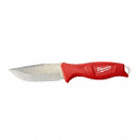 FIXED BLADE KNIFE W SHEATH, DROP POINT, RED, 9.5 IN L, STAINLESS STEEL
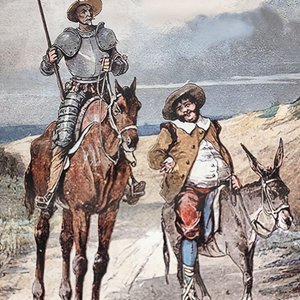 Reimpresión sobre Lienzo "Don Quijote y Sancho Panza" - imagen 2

* * *

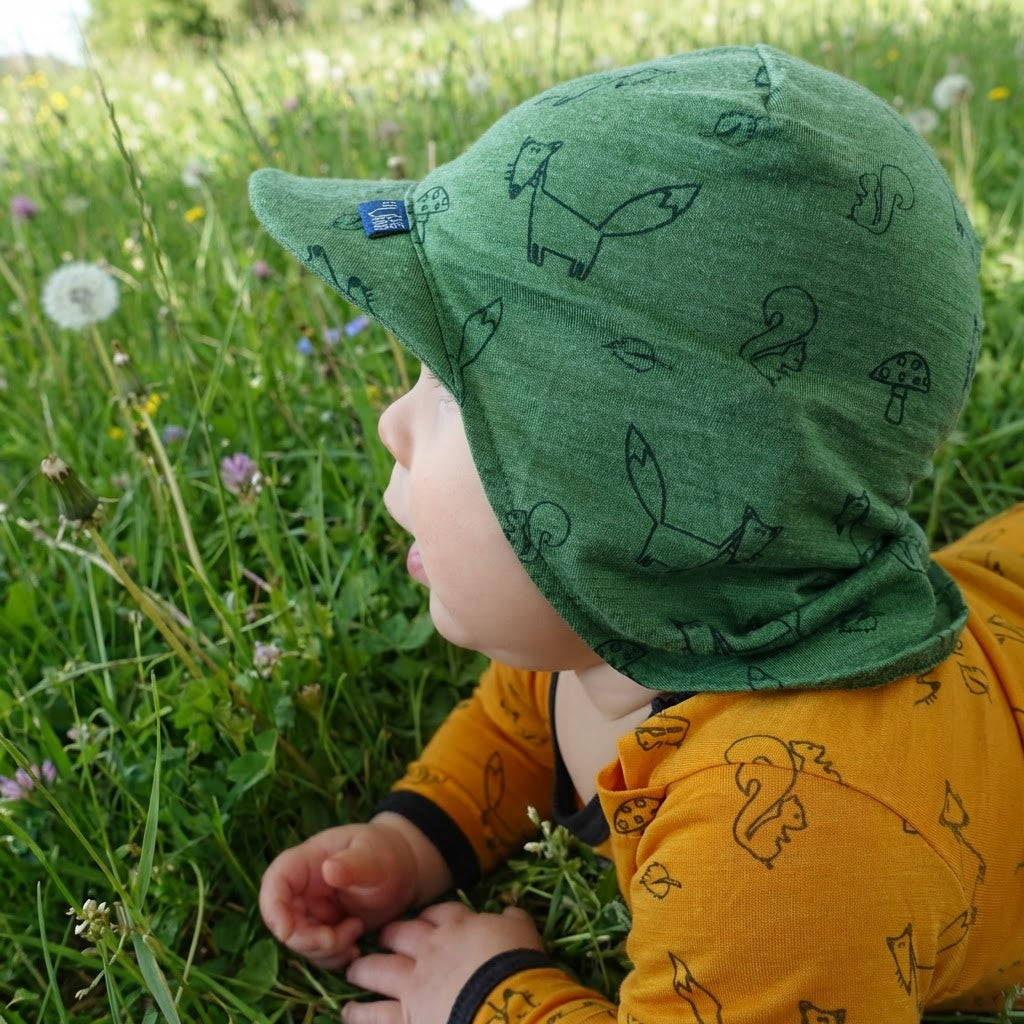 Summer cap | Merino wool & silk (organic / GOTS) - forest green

...

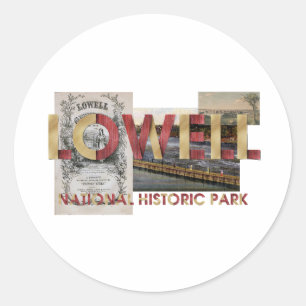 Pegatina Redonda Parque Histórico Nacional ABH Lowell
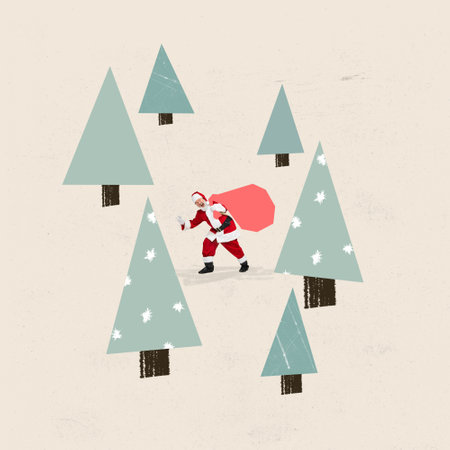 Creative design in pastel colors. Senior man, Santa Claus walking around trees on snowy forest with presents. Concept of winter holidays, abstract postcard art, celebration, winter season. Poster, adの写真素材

TASK REQUIREMENTS
Within the entries above, give again exactly the lines starting at the one that contains "FIXED BLADE KNIFE" and ending at the one that contains "Reimpresión sobre Lienzo", leaving out the pictures.

COMPLETED TASK
 FIXED BLADE KNIFE W SHEATH, DROP POINT, RED, 9.5 IN L, STAINLESS STEEL
 Reimpresión sobre Lienzo "Don Quijote y Sancho Panza" - imagen 2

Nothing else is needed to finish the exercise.